▸ **Assignment**
Everything in the entries except the pictures should be copied exactly.

▸ **Provided records**

━━━━

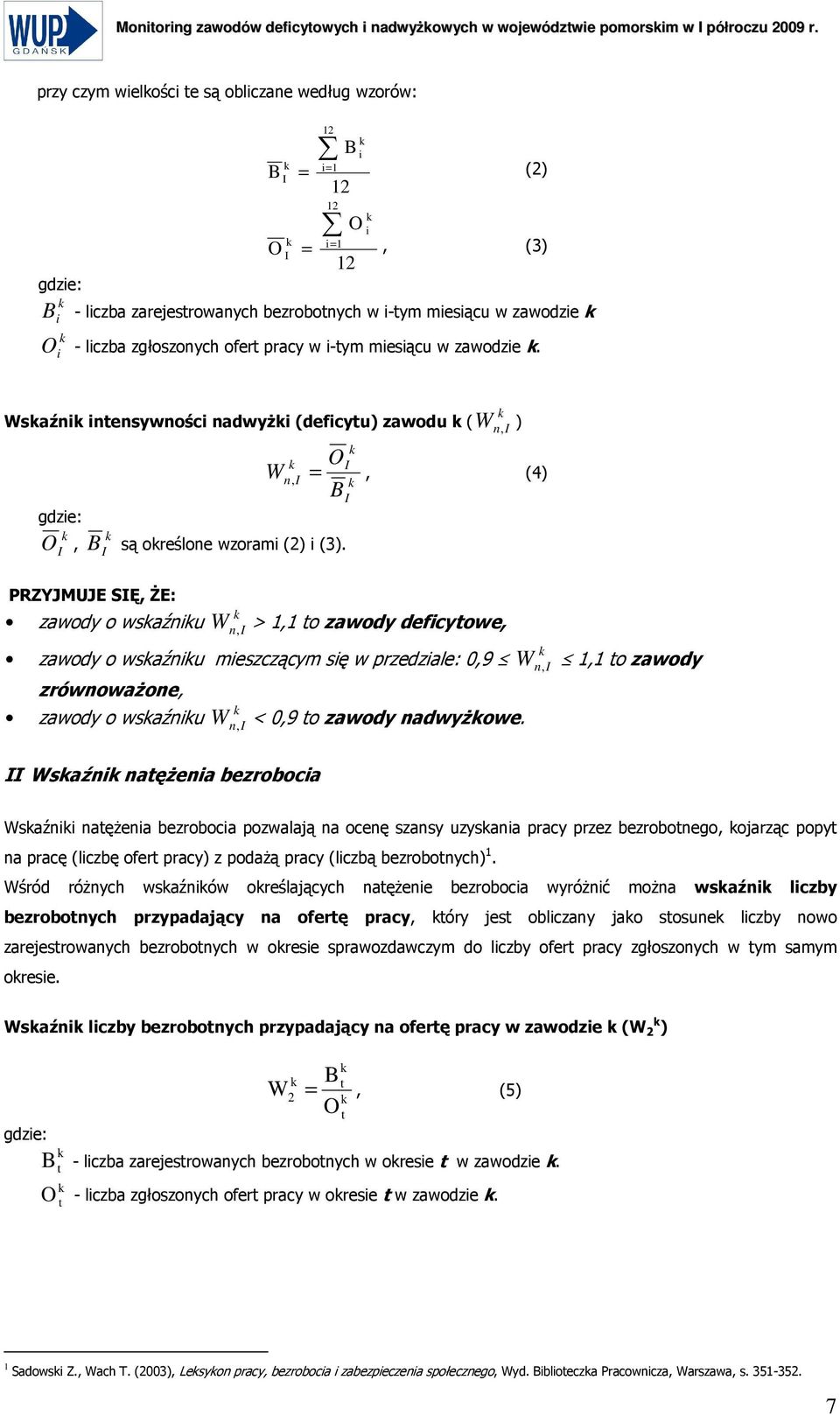 12 k Wskaźnik intensywności nadwyŝki (deficytu) k ( W n, I ) O W = gdzie: k k O I, B I są określone wzorami (2) i (3).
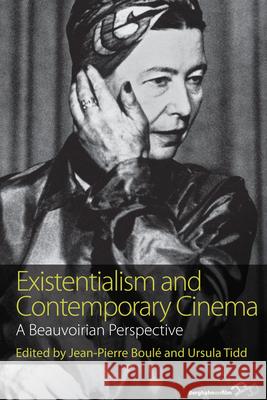 Existentialism and Contemporary Cinema: A Beauvoirian Perspective Jean-Pierre Boule Ursula Tidd  9781782389033 Berghahn Books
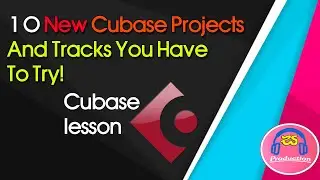 10 New Cubase Projects And Tracks You Have To Try! Cubase lesson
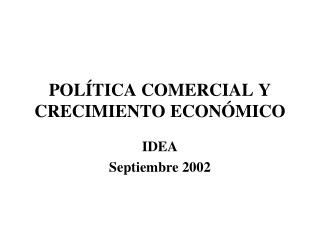 POLÍTICA COMERCIAL Y CRECIMIENTO ECONÓMICO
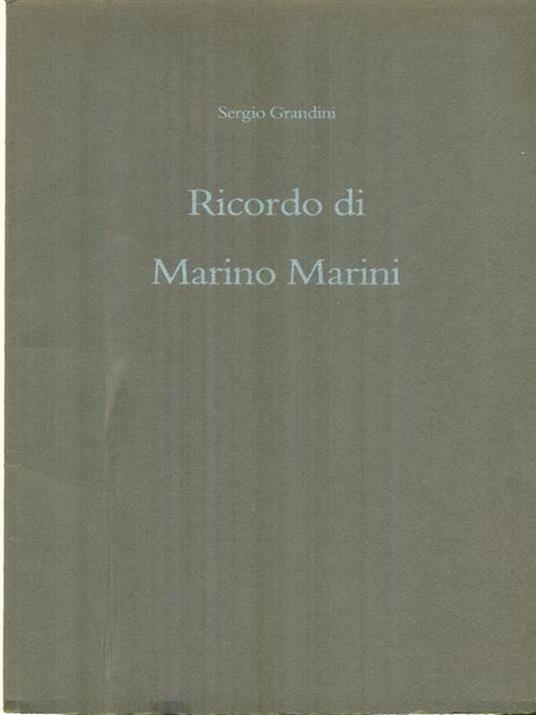 Ricordo di Marino Marini - Sergio Grandini - copertina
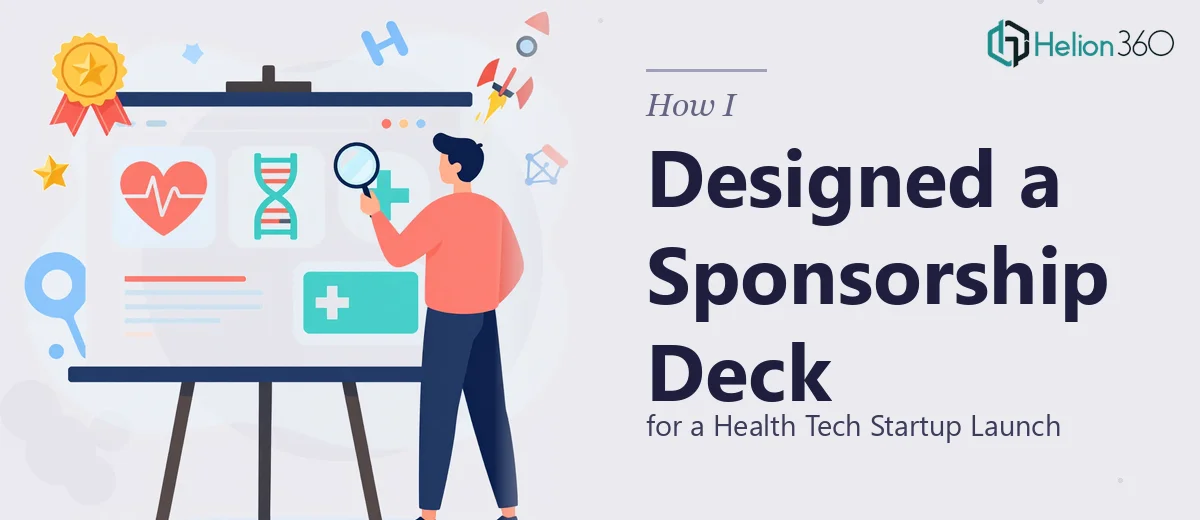 How I Designed a High-Impact Sponsorship Deck for a Health Tech Startup Launch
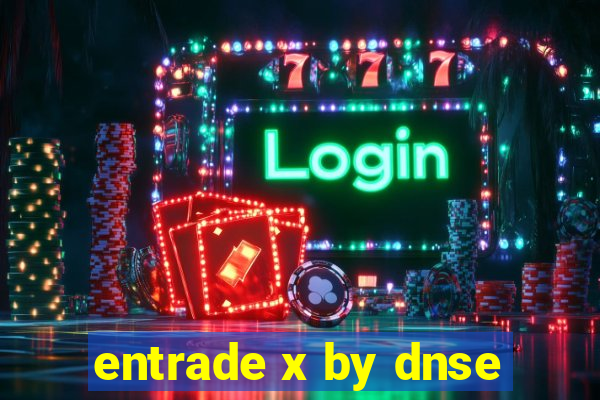 entrade x by dnse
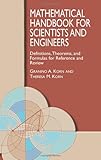 Mathematical Handbook for Scientists and Engineers: Definitions, Theorems, and Formulas for Reference and Review (Dover Civil and Mechanical Engineering) cover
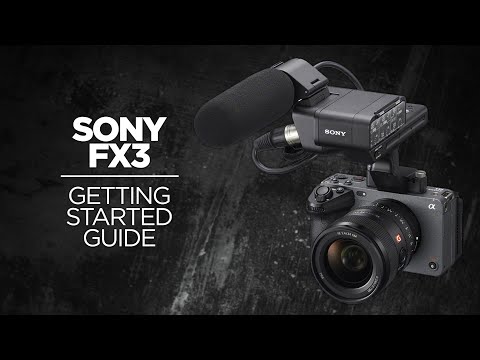 Sony FX3 Getting Started Guide - Camera Tutorial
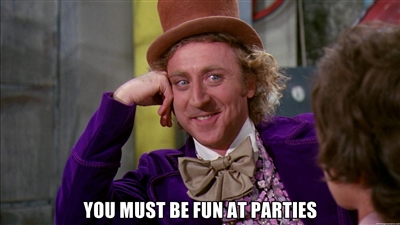 You must be fun at parties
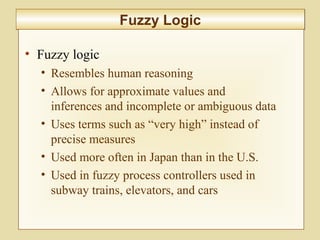 10-420
Fuzzy LogicFuzzy Logic
• Fuzzy logic
• Resembles human reasoning
• Allows for approximate values and
inferences and incomplete or ambiguous data
• Uses terms such as “very high” instead of
precise measures
• Used more often in Japan than in the U.S.
• Used in fuzzy process controllers used in
subway trains, elevators, and cars
 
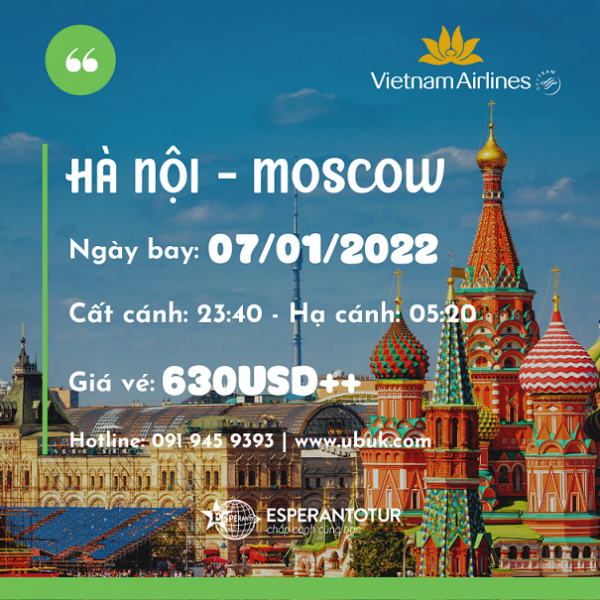 CÙNG VIETNAM AIRLINES BAY NGAY MOSCOW VỚI GIÁ VÉ CHỈ TỪ 630USD++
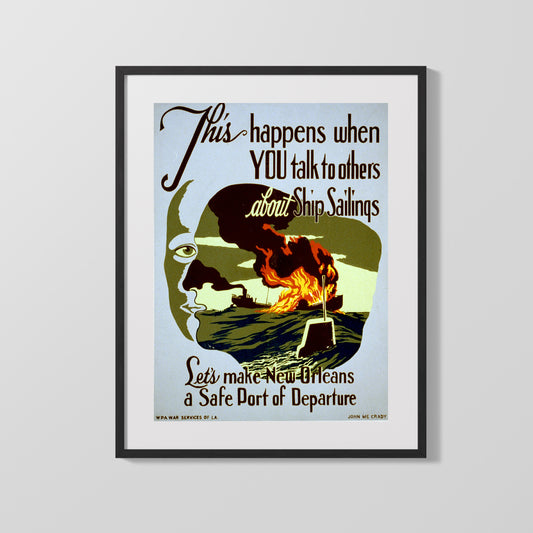 Vintage War Poster - New Orleans Safe Port of Departure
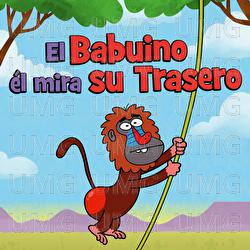 El Babuino &eacute;l mira su Trasero - Hurra Canciones Infantiles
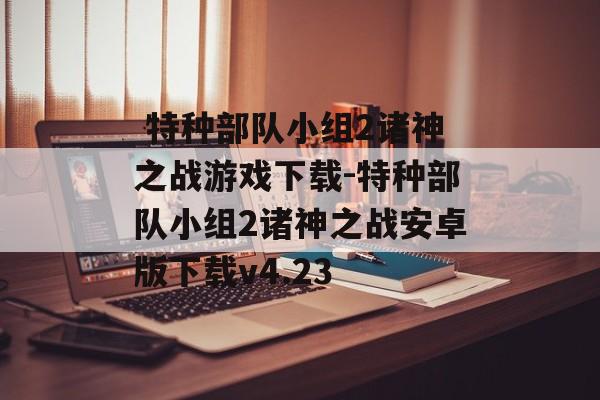  特种部队小组2诸神之战游戏下载-特种部队小组2诸神之战安卓版下载v4.23
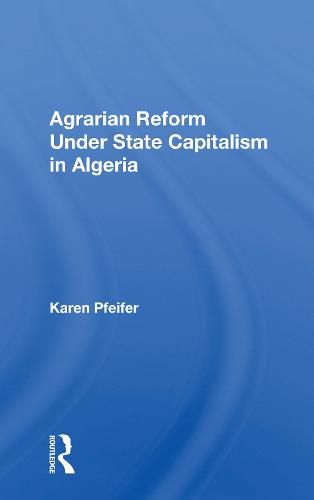 Cover image for Agrarian Reform Under State Capitalism in Algeria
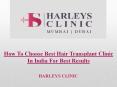 How To Choose Best Hair Transplant Clinic In India For Best Results PowerPoint PPT Presentation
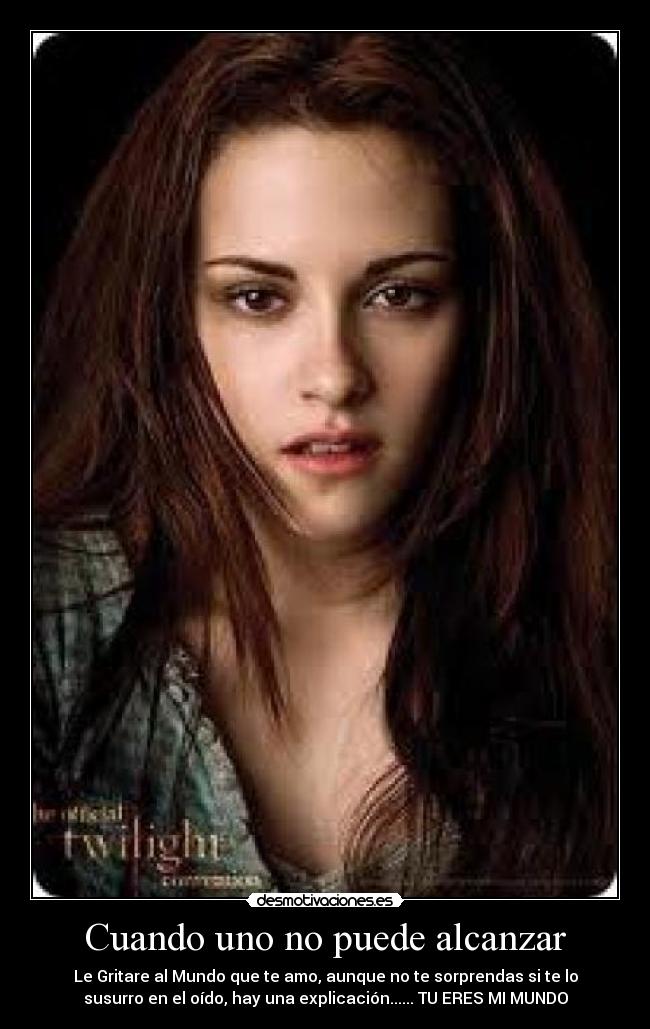Cuando uno no puede alcanzar - Le Gritare al Mundo que te amo, aunque no te sorprendas si te lo
susurro en el oído, hay una explicación...... TU ERES MI MUNDO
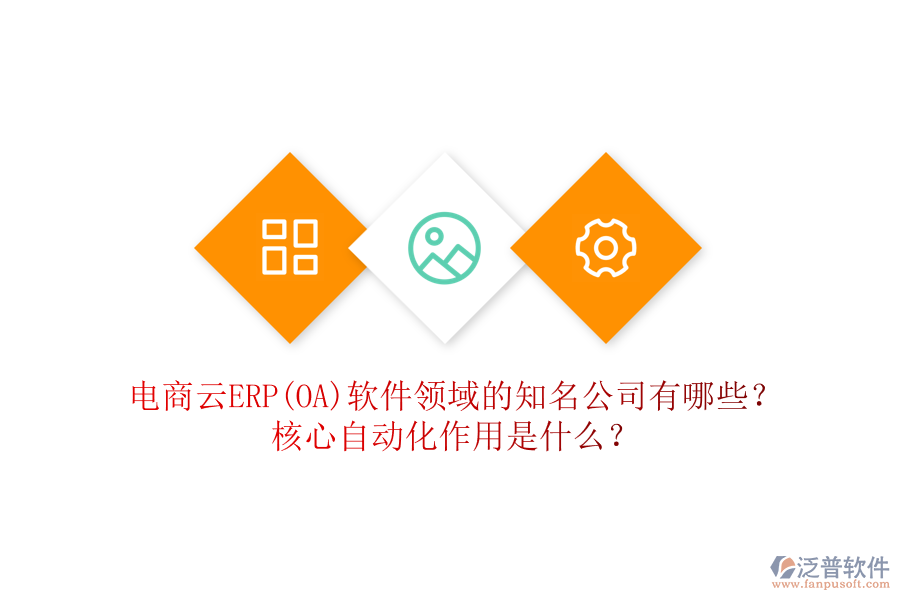 電商云ERP(OA)軟件領(lǐng)域的知名公司有哪些？核心自動化作用是什么？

━━━━

▸ **Written response**
 12 k Wskaźnik intensywności nadwyŝki (deficytu) k ( W n, I ) O W = gdzie: k k O I, B I są określone wzorami (2) i (3).
 Existentialism and Contemporary Cinema: A Beauvoirian Perspective Jean-Pierre Boule Ursula Tidd  9781782389033 Berghahn Books
 10 New Cubase Projects And Tracks You Have To Try! Cubase lesson
 POLÍTICA COMERCIAL Y CRECIMIENTO ECONÓMICO
 Ricordo di Marino Marini - Sergio Grandini - copertina
 How I Designed a High-Impact Sponsorship Deck for a Health Tech Startup Launch
 entrade x by dnse
 Mathematical Handbook for Scientists and Engineers: Definitions, Theorems, and Formulas for Reference and Review (Dover Civil and Mechanical Engineering) cover
 Sony FX3 Getting Started Guide - Camera Tutorial
 You must be fun at parties
 10-420
Fuzzy LogicFuzzy Logic
• Fuzzy logic
• Resembles human reasoning
• Allows for approximate values and
inferences and incomplete or ambiguous data
• Uses terms such as “very high” instead of
precise measures
• Used more often in Japan than in the U.S.
• Used in fuzzy process controllers used in
subway trains, elevators, and cars
 
 CÙNG VIETNAM AIRLINES BAY NGAY MOSCOW VỚI GIÁ VÉ CHỈ TỪ 630USD++
 Vintage War Poster - New Orleans Safe Port of Departure
 El Babuino &eacute;l mira su Trasero - Hurra Canciones Infantiles
  特种部队小组2诸神之战游戏下载-特种部队小组2诸神之战安卓版下载v4.23
 Cover image for Agrarian Reform Under State Capitalism in Algeria
 How To Choose Best Hair Transplant Clinic In India For Best Results PowerPoint PPT Presentation
Cuando uno no puede alcanzar - Le Gritare al Mundo que te amo, aunque no te sorprendas si te lo
susurro en el oído, hay una explicación...... TU ERES MI MUNDO
 電商云ERP(OA)軟件領(lǐng)域的知名公司有哪些？核心自動化作用是什么？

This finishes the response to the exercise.